======== Source data

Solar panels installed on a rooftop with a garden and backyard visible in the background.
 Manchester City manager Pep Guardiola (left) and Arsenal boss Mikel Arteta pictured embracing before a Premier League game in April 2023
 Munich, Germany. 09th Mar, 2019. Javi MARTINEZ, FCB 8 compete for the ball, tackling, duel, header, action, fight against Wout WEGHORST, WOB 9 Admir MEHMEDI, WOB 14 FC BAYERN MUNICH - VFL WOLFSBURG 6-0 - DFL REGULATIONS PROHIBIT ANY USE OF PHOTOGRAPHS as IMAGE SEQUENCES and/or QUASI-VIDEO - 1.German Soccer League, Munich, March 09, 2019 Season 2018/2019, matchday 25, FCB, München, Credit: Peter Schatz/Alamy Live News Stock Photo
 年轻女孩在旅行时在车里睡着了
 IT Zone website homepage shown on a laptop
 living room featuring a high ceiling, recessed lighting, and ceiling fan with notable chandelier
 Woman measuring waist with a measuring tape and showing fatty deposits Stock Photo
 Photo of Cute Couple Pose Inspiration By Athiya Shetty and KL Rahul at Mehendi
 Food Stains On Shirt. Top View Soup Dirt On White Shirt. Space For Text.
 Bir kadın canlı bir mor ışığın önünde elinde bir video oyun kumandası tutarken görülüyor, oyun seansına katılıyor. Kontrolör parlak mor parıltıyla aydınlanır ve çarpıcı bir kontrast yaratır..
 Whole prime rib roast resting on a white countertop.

================

● Exercise details
Your task for the entries above: copy exactly the span starting with the line with "年轻女孩在旅行时在车里睡着了" and going on through the line with "Photo of Cute", both lines included, and nothing else.

● Written solution
 年轻女孩在旅行时在车里睡着了
 IT Zone website homepage shown on a laptop
 living room featuring a high ceiling, recessed lighting, and ceiling fan with notable chandelier
 Woman measuring waist with a measuring tape and showing fatty deposits Stock Photo
 Photo of Cute Couple Pose Inspiration By Athiya Shetty and KL Rahul at Mehendi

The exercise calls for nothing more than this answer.